Segment Start: TASK INPUTS
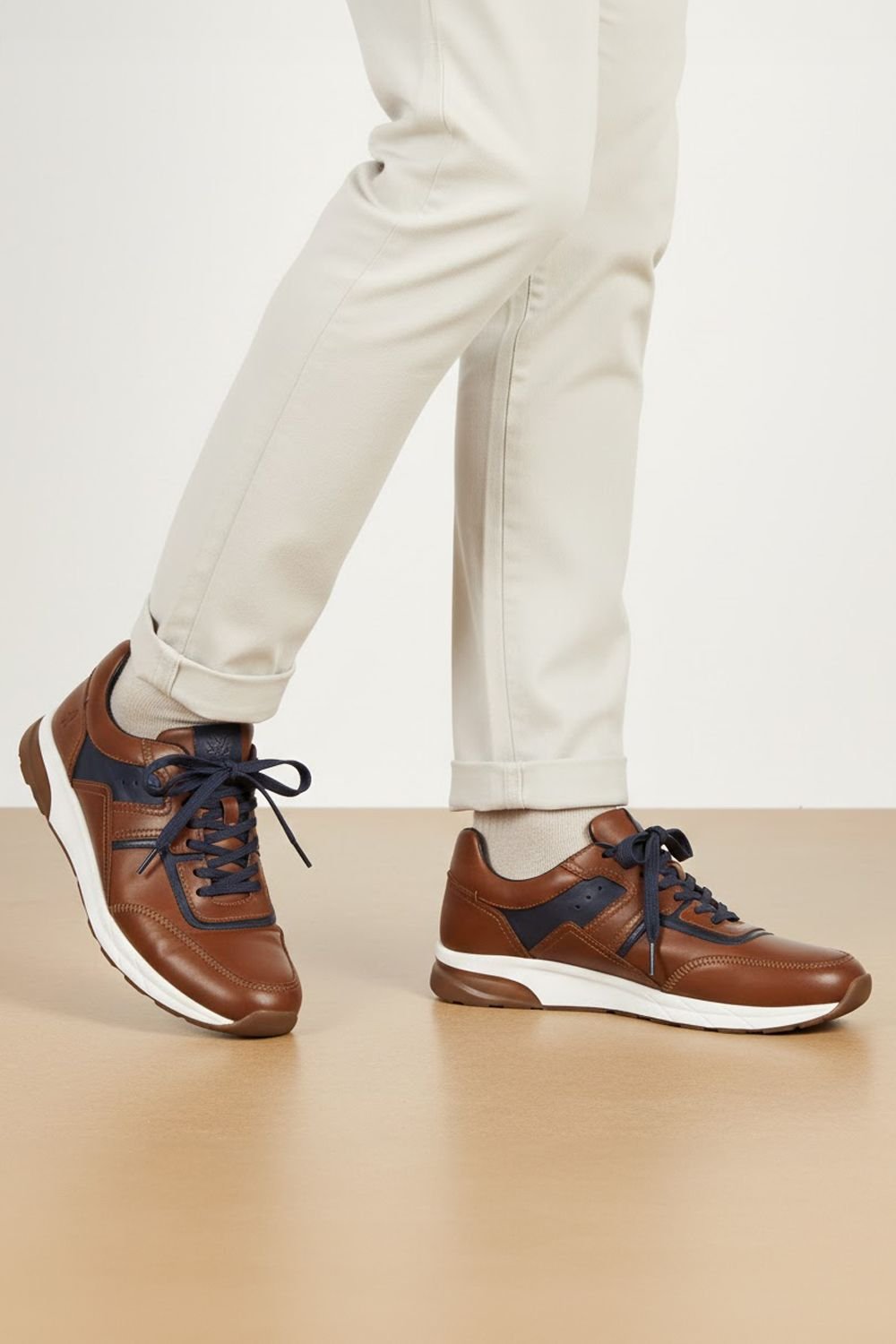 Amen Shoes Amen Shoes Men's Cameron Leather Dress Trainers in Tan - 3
Segment End: TASK INPUTS
Segment Start: TASK INPUTS
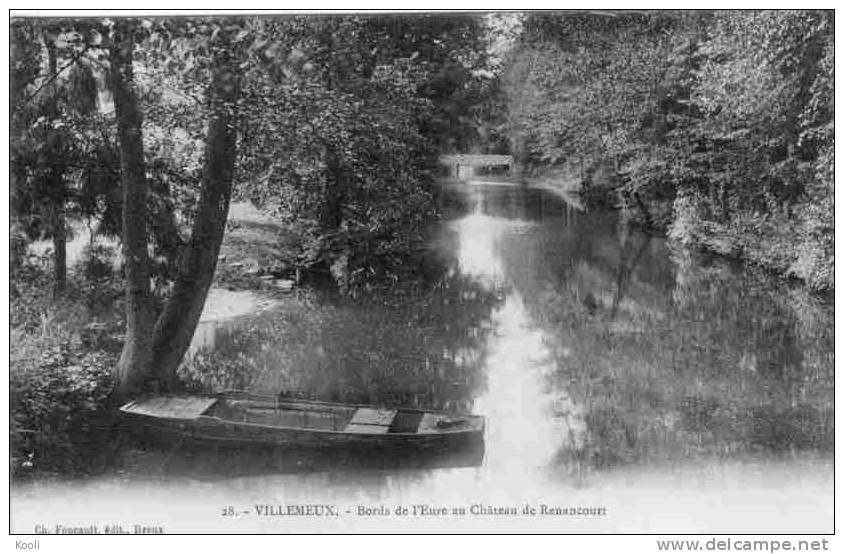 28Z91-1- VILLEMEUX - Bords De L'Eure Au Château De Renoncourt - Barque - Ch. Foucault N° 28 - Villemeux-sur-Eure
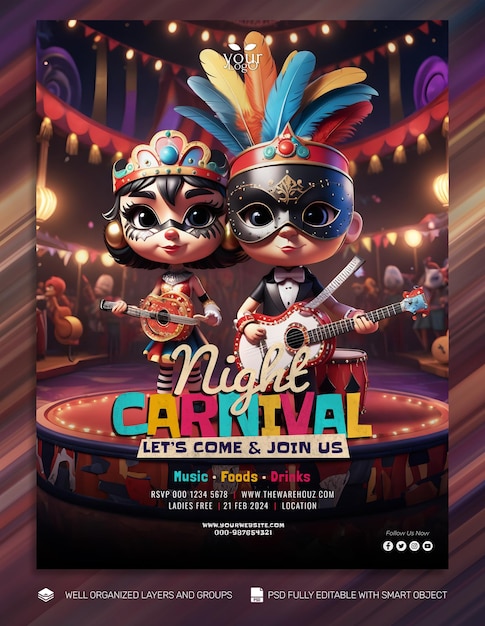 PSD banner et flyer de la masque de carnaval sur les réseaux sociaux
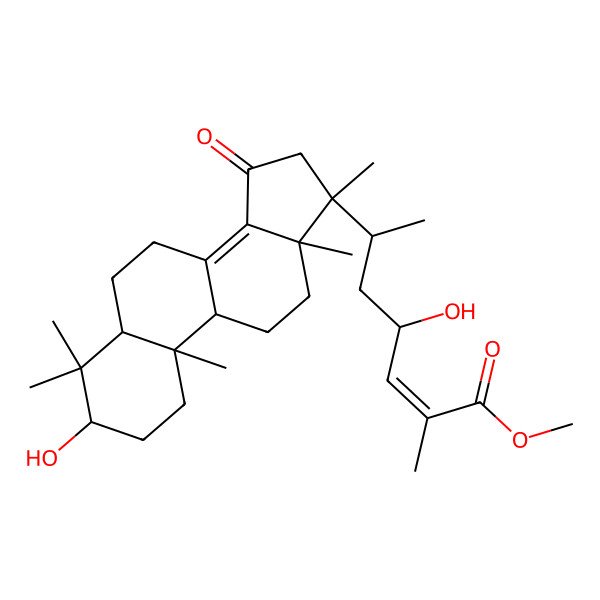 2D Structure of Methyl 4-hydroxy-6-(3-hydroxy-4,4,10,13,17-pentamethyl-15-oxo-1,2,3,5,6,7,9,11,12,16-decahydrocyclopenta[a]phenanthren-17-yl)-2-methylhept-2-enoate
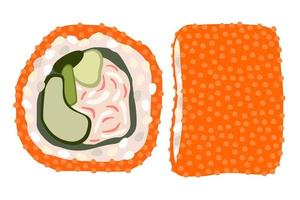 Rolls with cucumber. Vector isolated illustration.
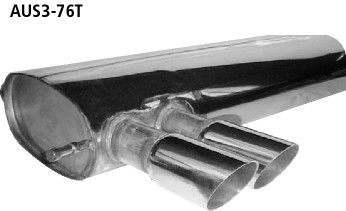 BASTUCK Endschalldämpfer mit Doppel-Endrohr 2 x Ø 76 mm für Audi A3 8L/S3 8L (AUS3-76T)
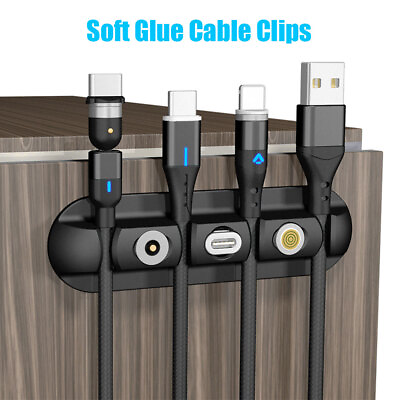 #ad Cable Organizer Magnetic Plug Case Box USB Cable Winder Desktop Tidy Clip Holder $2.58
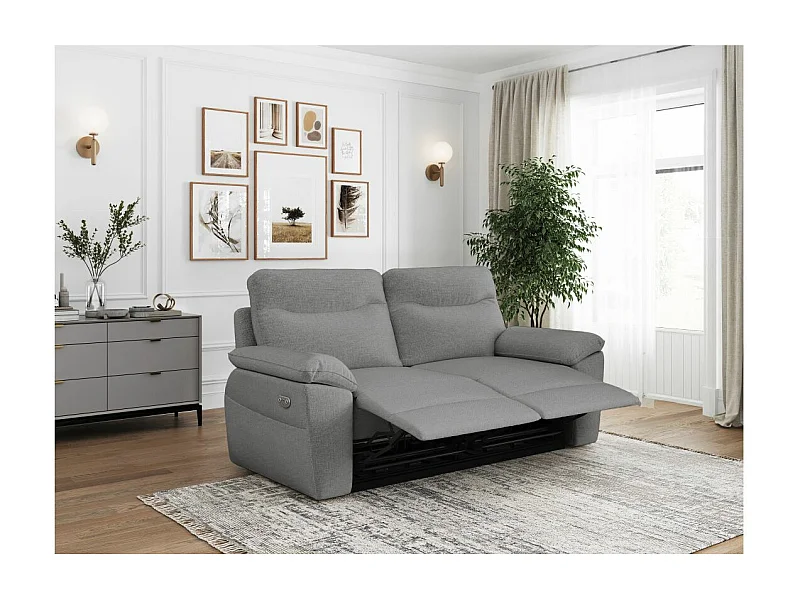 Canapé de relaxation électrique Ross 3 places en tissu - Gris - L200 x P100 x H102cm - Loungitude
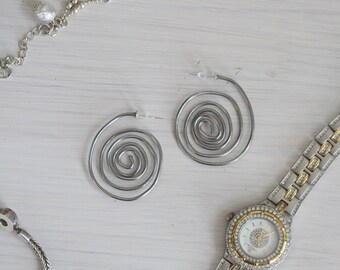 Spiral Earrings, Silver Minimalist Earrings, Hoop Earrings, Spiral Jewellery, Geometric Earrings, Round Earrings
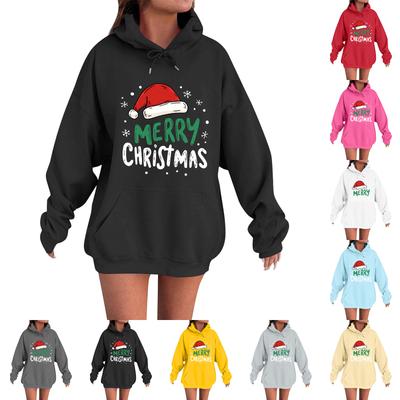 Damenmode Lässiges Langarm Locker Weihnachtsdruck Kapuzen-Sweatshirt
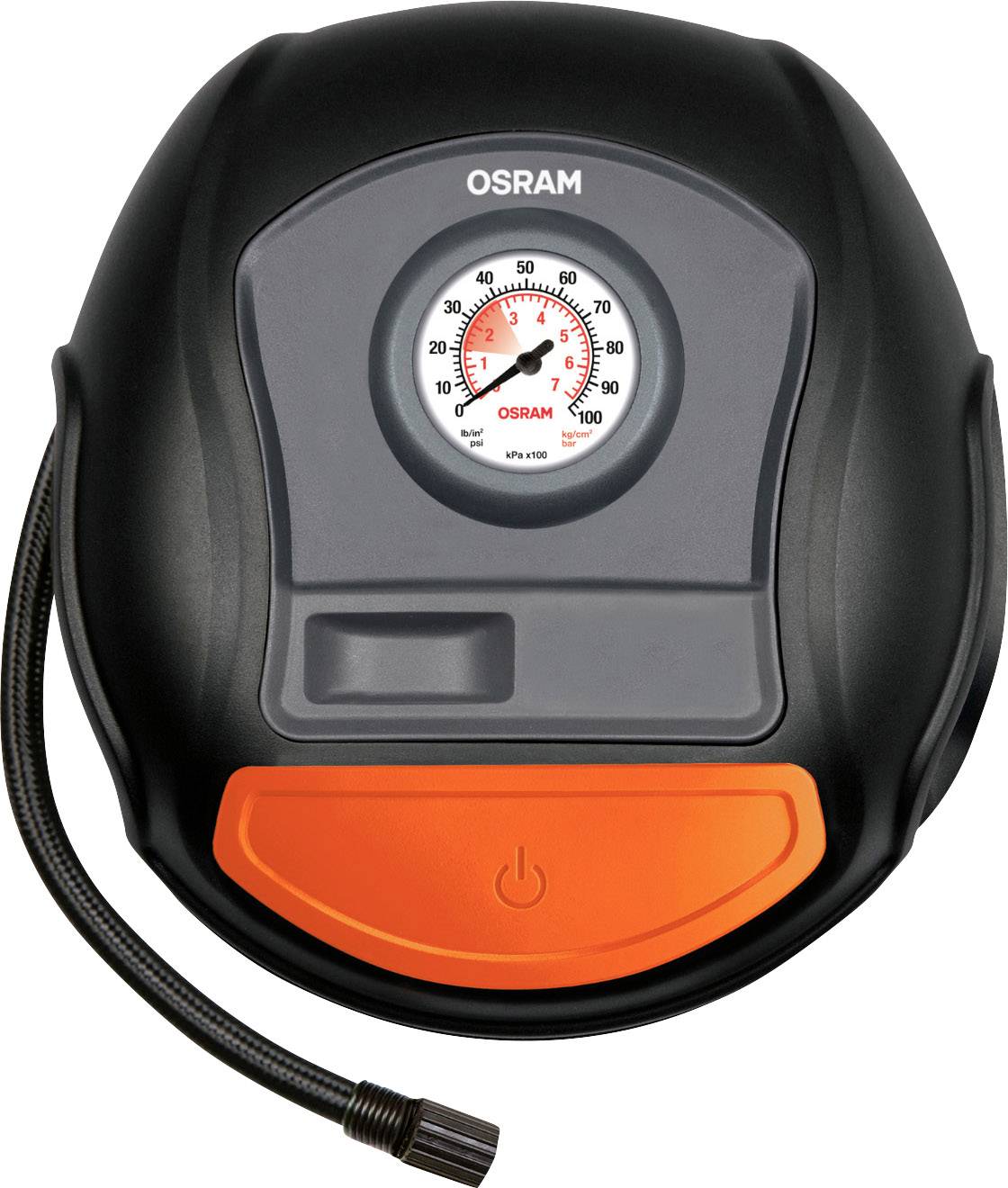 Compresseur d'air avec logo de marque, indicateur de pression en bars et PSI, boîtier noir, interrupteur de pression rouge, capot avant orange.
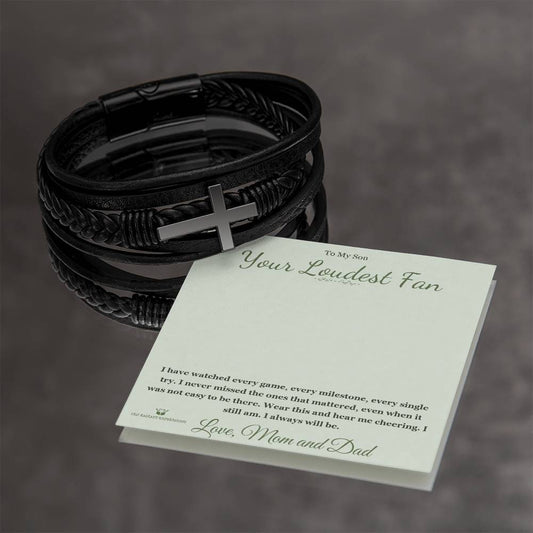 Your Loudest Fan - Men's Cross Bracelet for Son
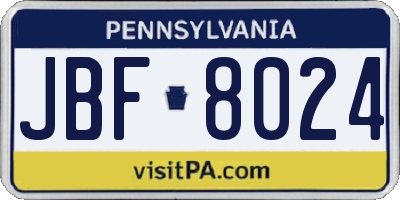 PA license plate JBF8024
Segment End: TASK INPUTS
▶ [EXERCISE INSTRUCTIONS]: Here the job is to copy the listing above word for word, starting at the line with "BASTUCK Endschalldämpfer mit" and ending at the line with "Damenmode Lässiges Langarm", and to leave out the pictures.

▶ [RESULT FOR THIS EXERCISE]:
 BASTUCK Endschalldämpfer mit Doppel-Endrohr 2 x Ø 76 mm für Audi A3 8L/S3 8L (AUS3-76T)
 #ad Cable Organizer Magnetic Plug Case Box USB Cable Winder Desktop Tidy Clip Holder $2.58
 Canapé de relaxation électrique Ross 3 places en tissu - Gris - L200 x P100 x H102cm - Loungitude
 Spiral Earrings, Silver Minimalist Earrings, Hoop Earrings, Spiral Jewellery, Geometric Earrings, Round Earrings
 Damenmode Lässiges Langarm Locker Weihnachtsdruck Kapuzen-Sweatshirt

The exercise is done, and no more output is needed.